We can end alliteration in our lifetimes

Debut New York Times columnist Bari Weiss

There are two reasons to write: for approval and for satisfaction. Satisfaction is generally held to be the more noble motive, or at least the more sustainable one. But insofar as satisfaction is just another kind of approval, i.e. approval of oneself, there’s really only one reason to write. That’s why reading sucks. Most written works are series of bids for the reader’s approval, with small amounts of useful information inserted like the hook in a big, plastic lure. Look how yellow and glittery my lure is, dear reader! Don’t you want to swallow that fat worm and become my meal? Every writer thinks this, consciously, each time they sit down to write. The trick is to hide it. Here’s the first sentence of Bari Weiss’s debut column in the New York Times:

A mere half-year ago, before collusion and Comey, before Mika’s face and Muslim bans and the Mooch, there was a shining moment where millions of Americans flooded the streets in cities across the country to register their rage that an unapologetic misogynist had just been made leader of the free world.

I see what you did there, and I am displeased. “Collusion and Comey” is all right, even euphonious.
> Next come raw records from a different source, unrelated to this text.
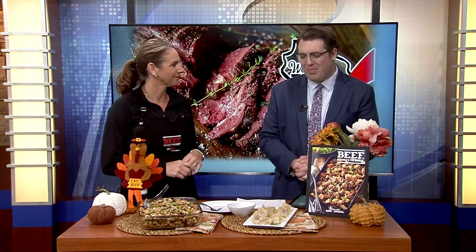Thanks for that Kyle. Well, Thanksgiving is all about the turkey, but there are plenty of ways you can add beef to your holiday meal. We have Angie Horkin with Wisconsin Beef Council showing us just how to do that. Good morning, Angie.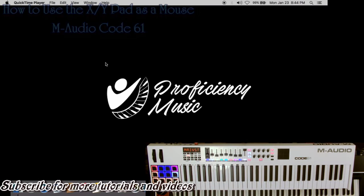I want to make a quick video. I received a comment from somebody who watched one of my videos asking me if you can use the XY pad on the M Audio Code 61 as the mouse. I didn't really know the answer, so I looked it up — it looks like you can, and it's very easy to do.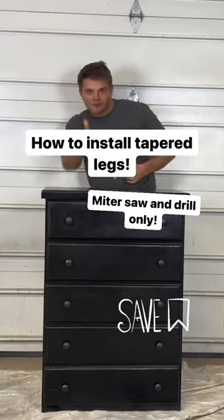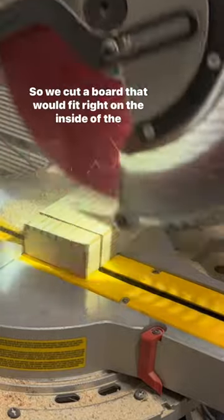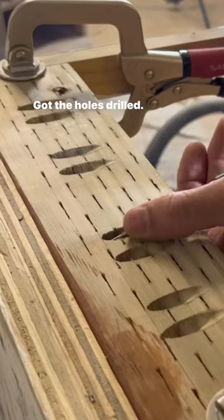Here's how we installed these tapered legs on this dresser. First we needed something to screw these legs into, so we cut a board that would fit right on the inside of the bottom of the dresser, marked where we wanted to drill pocket holes, and got the holes drilled.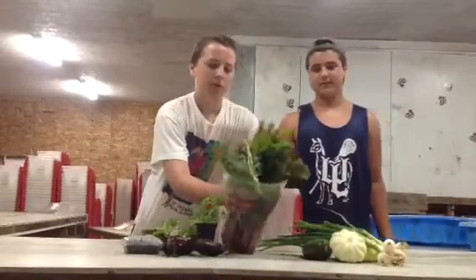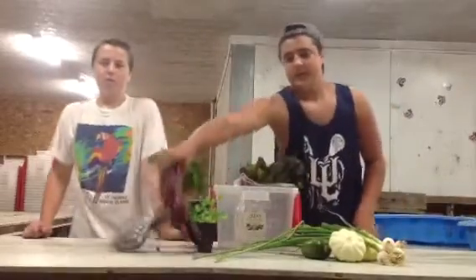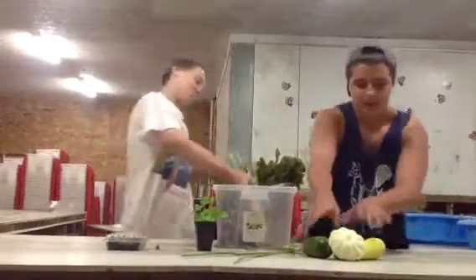First, we're going to have a nice full bag of chard. We'll have some beets. We'll also have some spring onions, and a variety of squash.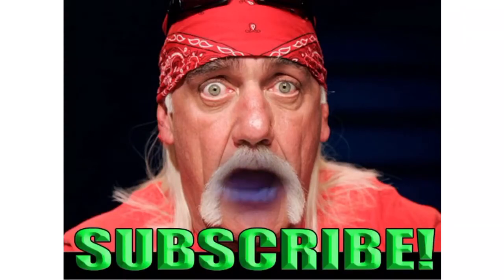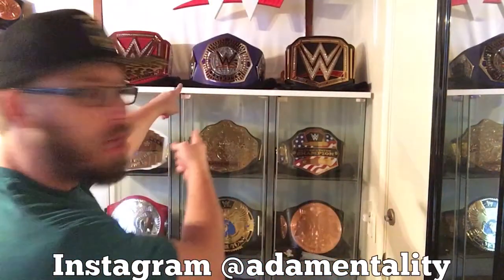What's up brothers, Hulkamania here asking all of you to take those 22-inch pythons and reach out and hit the subscribe button today — because what are you going to do when Adam and Talia World runs wild on you, brothers? What's up everybody and welcome back to Adam and Talia World. Thank you for joining me today. Don't forget to like, comment, subscribe and do all that fun stuff. Got a huge video today — this is a belt review of the Cruiserweight Championship of the World.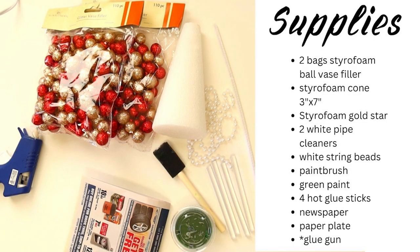Here are the supplies you'll find in your craft bag. You can use this as your shopping list if you're making this one on your own. Also, if you don't have a hot glue gun at home, the library has some you can borrow for free. Ask any librarian and they'll get you set up.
That would be just enough spice to get me through this longish compound sentence. But then I get “Mika’s face and Muslim bans and the Mooch,” which is both conspicuous and unsatisfying. Alliteration doesn’t work with phrasal nouns. You could do “Mika and Muslims and the Mooch,” but that doesn’t make sense. Neither does  “Muslim bans,” though, since Donald Trump started talking about that early in the campaign, before the women’s march.  This sentence has to work to wedge in all this alliteration, and for what? It only distracts me while I’m trying to decode the meaning—something along the lines of “It seems like a long time ago, but before all this craziness, Trump’s election brought about something good: the women’s march.”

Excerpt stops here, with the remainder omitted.